Copy exactly the lines of the data below that run from the line holding "Prada Black Canvas" through the line holding "(18packsperboxG) KAYOU Genuine", both ends included.

Scraped caption text data
------------

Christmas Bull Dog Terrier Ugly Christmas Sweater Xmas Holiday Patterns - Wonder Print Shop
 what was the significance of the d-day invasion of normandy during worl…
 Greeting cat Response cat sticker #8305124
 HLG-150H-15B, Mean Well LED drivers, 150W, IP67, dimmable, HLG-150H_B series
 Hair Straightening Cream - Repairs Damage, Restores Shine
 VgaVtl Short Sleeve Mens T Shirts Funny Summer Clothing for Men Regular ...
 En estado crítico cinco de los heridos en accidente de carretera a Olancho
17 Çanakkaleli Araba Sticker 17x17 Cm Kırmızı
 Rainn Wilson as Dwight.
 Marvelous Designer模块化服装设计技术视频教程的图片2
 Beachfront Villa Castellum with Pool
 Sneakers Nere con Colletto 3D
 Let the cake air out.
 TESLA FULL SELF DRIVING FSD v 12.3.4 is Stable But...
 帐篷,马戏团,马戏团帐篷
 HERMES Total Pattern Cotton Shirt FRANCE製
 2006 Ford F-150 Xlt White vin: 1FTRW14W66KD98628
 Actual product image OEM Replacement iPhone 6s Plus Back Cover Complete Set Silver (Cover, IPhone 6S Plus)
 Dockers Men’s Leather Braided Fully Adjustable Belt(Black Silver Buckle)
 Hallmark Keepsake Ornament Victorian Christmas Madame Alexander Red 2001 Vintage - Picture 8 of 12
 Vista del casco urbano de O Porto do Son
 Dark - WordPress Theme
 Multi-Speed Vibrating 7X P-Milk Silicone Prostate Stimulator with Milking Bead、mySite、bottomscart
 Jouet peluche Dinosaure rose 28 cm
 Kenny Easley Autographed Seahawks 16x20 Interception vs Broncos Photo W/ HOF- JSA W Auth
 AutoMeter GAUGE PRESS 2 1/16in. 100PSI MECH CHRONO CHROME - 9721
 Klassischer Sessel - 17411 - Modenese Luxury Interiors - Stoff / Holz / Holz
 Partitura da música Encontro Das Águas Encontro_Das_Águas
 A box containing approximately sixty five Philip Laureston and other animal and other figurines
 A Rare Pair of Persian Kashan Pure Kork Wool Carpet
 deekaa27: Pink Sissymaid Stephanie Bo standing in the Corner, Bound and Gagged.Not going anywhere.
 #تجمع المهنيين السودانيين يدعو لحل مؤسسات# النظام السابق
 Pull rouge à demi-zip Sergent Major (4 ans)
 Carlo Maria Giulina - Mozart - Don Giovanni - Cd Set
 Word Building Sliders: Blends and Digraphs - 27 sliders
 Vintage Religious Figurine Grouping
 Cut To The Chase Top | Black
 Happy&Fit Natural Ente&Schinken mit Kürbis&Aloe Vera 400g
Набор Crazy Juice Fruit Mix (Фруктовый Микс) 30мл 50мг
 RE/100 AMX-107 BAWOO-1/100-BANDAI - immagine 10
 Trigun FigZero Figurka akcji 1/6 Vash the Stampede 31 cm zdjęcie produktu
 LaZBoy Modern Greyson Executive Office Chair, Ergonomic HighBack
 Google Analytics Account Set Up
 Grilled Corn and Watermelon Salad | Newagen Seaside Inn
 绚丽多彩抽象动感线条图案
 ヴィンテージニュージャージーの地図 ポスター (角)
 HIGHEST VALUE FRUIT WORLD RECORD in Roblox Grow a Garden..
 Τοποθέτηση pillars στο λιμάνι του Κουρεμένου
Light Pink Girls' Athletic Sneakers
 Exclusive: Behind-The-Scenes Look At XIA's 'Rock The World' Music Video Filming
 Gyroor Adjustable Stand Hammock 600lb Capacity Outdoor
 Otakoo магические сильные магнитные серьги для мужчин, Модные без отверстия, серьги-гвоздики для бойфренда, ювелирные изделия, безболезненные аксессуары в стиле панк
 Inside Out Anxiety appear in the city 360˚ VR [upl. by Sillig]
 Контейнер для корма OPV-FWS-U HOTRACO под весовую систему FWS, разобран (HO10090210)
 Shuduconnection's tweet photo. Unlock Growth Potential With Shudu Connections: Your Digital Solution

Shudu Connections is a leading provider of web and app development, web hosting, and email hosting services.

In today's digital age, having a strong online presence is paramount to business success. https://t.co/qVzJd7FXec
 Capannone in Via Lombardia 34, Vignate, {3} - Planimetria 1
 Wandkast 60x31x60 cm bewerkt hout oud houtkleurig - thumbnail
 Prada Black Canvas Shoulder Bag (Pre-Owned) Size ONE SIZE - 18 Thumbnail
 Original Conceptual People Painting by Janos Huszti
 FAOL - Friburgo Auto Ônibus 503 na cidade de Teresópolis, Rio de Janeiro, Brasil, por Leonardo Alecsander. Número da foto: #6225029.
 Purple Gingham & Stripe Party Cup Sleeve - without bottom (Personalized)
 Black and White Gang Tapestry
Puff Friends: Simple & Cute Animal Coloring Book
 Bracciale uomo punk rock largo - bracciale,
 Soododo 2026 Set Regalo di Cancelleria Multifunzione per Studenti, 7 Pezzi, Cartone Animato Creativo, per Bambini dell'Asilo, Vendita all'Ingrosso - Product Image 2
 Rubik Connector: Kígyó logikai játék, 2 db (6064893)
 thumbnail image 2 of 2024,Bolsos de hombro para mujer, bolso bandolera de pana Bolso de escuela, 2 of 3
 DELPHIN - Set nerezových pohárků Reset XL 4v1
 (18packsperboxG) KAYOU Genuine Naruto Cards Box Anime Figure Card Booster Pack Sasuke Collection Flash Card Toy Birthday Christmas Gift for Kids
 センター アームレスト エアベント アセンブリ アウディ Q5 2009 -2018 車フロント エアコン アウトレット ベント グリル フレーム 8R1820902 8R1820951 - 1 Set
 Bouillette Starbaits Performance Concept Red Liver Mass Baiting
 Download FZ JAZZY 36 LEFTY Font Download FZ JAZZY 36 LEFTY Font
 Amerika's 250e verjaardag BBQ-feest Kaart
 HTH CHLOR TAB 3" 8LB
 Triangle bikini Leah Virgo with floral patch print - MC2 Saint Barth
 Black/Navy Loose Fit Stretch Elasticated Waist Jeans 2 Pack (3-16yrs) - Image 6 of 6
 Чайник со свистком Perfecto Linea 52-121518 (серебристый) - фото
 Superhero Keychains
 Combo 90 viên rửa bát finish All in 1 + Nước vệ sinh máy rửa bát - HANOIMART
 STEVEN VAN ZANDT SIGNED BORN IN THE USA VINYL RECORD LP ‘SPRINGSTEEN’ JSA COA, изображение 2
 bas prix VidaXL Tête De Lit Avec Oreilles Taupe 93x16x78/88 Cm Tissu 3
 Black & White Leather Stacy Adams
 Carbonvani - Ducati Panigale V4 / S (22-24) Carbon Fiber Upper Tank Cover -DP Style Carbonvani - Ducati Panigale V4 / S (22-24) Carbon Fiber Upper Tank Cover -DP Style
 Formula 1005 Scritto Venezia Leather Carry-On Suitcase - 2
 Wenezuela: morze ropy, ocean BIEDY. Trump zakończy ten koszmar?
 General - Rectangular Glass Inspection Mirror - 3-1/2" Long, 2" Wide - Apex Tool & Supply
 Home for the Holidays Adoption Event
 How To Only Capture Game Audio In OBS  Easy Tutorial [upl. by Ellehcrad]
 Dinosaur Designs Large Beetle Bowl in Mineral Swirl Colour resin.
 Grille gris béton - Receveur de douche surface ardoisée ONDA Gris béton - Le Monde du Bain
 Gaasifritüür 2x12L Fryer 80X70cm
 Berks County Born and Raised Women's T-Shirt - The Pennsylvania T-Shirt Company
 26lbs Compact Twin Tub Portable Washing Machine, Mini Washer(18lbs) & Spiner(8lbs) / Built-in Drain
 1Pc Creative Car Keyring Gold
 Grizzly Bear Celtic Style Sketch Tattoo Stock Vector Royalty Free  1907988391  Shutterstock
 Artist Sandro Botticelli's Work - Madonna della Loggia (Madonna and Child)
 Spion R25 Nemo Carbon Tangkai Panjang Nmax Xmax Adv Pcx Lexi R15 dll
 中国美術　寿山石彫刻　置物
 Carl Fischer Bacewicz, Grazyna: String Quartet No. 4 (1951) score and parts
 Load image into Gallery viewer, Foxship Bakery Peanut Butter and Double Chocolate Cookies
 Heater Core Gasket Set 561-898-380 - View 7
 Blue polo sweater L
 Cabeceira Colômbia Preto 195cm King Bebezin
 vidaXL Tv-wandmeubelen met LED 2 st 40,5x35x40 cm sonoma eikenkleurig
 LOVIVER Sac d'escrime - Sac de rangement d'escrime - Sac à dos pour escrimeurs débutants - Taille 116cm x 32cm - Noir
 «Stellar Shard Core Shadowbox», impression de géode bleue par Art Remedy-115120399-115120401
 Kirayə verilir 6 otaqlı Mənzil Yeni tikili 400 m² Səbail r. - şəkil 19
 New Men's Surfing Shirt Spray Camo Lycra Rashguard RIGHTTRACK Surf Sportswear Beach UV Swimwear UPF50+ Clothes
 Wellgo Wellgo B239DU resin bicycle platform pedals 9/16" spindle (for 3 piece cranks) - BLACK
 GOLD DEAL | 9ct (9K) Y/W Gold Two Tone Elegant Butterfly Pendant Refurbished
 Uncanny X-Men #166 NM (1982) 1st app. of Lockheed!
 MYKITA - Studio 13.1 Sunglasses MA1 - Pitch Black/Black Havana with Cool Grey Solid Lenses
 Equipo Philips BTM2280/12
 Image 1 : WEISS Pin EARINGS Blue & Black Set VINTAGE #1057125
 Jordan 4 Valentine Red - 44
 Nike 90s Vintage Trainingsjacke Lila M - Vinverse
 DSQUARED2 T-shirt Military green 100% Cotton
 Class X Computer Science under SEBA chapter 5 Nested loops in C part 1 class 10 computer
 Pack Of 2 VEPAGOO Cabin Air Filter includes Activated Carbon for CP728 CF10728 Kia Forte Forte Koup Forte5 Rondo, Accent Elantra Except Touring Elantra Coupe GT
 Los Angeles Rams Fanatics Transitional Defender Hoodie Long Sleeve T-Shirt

------------

Task answer
 Prada Black Canvas Shoulder Bag (Pre-Owned) Size ONE SIZE - 18 Thumbnail
 Original Conceptual People Painting by Janos Huszti
 FAOL - Friburgo Auto Ônibus 503 na cidade de Teresópolis, Rio de Janeiro, Brasil, por Leonardo Alecsander. Número da foto: #6225029.
 Purple Gingham & Stripe Party Cup Sleeve - without bottom (Personalized)
 Black and White Gang Tapestry
Puff Friends: Simple & Cute Animal Coloring Book
 Bracciale uomo punk rock largo - bracciale,
 Soododo 2026 Set Regalo di Cancelleria Multifunzione per Studenti, 7 Pezzi, Cartone Animato Creativo, per Bambini dell'Asilo, Vendita all'Ingrosso - Product Image 2
 Rubik Connector: Kígyó logikai játék, 2 db (6064893)
 thumbnail image 2 of 2024,Bolsos de hombro para mujer, bolso bandolera de pana Bolso de escuela, 2 of 3
 DELPHIN - Set nerezových pohárků Reset XL 4v1
 (18packsperboxG) KAYOU Genuine Naruto Cards Box Anime Figure Card Booster Pack Sasuke Collection Flash Card Toy Birthday Christmas Gift for Kids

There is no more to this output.